The Army contributed mightily to his civilian livelihood when it taught him how to read blueprints and create and print brochures, flyers and periodicals. He enlisted in 1980 and was sent to Ft. Belvoir, VA. In 1984, he married his childhood sweetheart and, two years later, he mustered out of the military. Conyers worked as a printer for 17 years as children and life began to pile up.
Laid off his Chrysler job, he moved to Gaithersburg, MD to help his sister with her family. His kids were now grown, and money was scarce. Within a year he moved to his own place in nearby Germantown where he worked for five years as a technician at a firm he claims is responsible for a debilitating illness that shut down his motor skills. He was laid off again.

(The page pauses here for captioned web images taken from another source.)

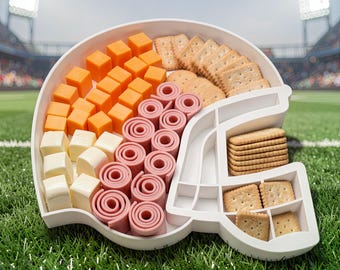 American Football Helmet Snack Plate – Game Day Serving Tray | 3D Printed Football Snack Bowl | Tailgate Party Decor | NFL Superbowl  Fans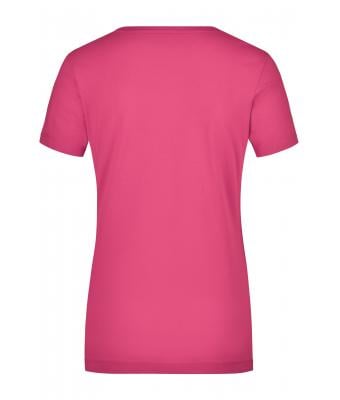 Femme T-shirt femme col rond extensible Rose-vif 7983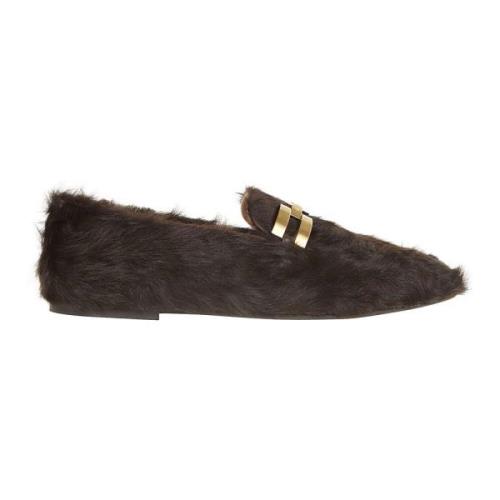 Aquazzura Espresso Furry Mocassin Skor Brown, Dam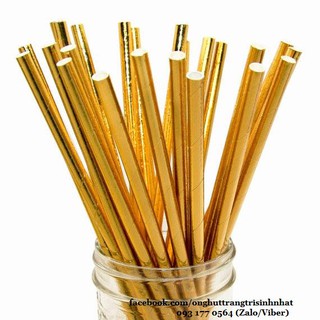 Ống hút giấy vàng, 25 ống/gói - Hàng loại 1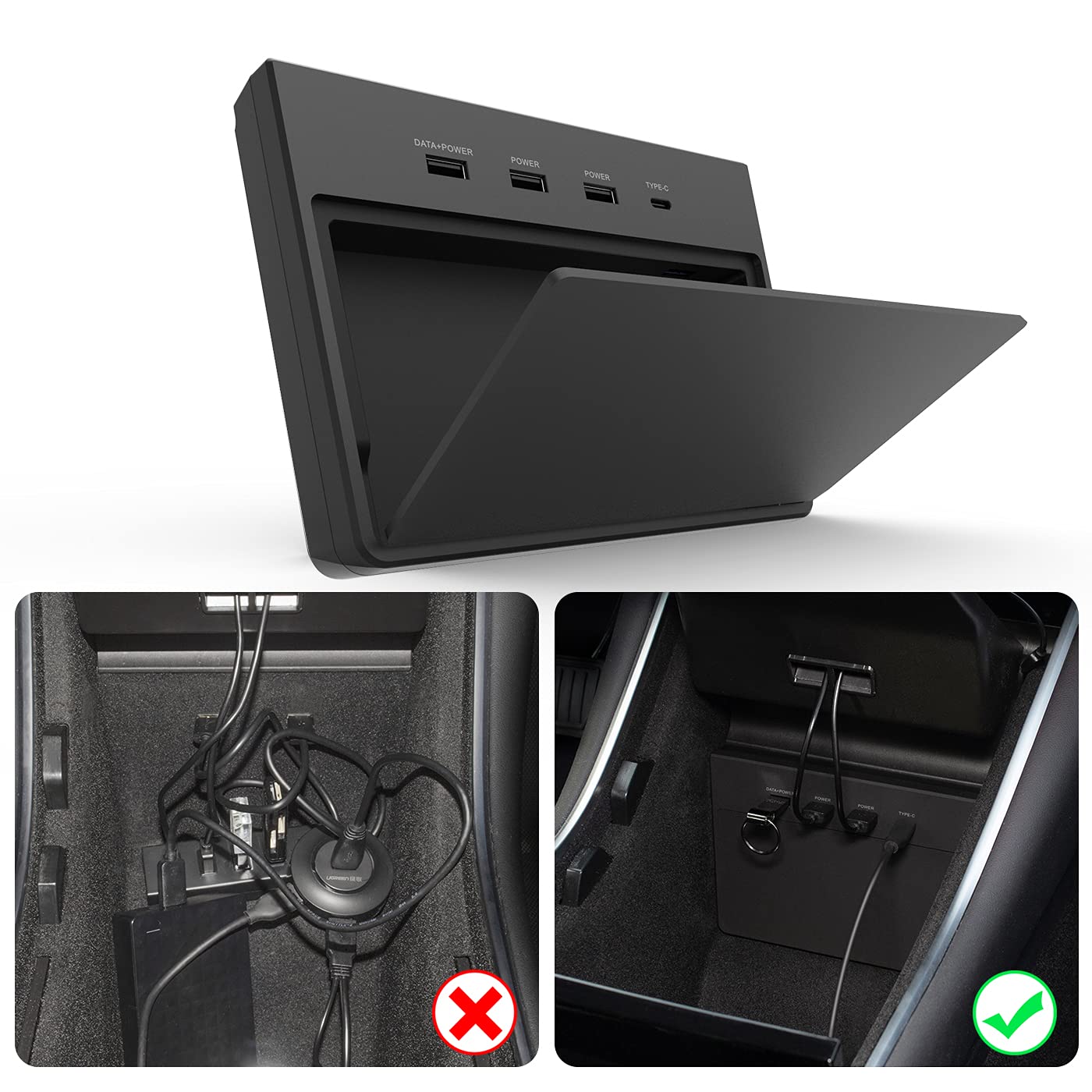 Taptes Usb Hub 5 In 1 Ports For Tesla Model 3 Before June 2020(Not Fit For Model Y),Dashcam & Sentry Mode Viewer Usb Hub Dongle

Weak and ill, he sought help at the Rockville Center for Shelter Placement. He was told of transitional housing and referred to a VA caseworker at the DC office at1500 Franklin St. NW. Things moved quickly as he found himself referred to the DC VETS program, where he was assigned a one-bedroom apartment to be shared with a roommate Conyers credits with restoring his health. “His name was Raymond Brooks, an older guy who took me under his wing,” says Conyers. Brooks cooked at least 2 hot meals daily and in a matter of months, says Conyers, “got most of my health back.”
Meanwhile, Conyers was given food cards over two months and steered to DC unemployment forms that resulted in a $1500 monthly unemployment check. He also signed up for the VRAP program where he went to school to learn about tv cable installation. He also painted the DC VETS facility inside and out. Conyers’ industriousness was rewarded when he was made DC VETS Resident Manager. He was heartened when a new director came in December and restructured the program to eliminate any apathy or complacency that might creep into the goals mission.
“When Mr. Strong came aboard new rules swept bad habits away.”
As an example, people who had been there for two years or more were asked to leave or found alternative temporary housing; new classes such as Human Resources Management and Basic Economics were available weekly; Job Fairs were attended; drug addiction training and Homeless Management Information Systems (HMIS) events were introduced, along with character-building programming. Conyers is a blur at DC VETS as he does landscaping, caulks, paints, counsels, handles and advises on all technical equipment, shovels snow, prepares large meals and lectures and leads weekly meetings.
Those who know him realize his mastery of many things, far from a blur, shows his character to be finely focused – and precision tuned.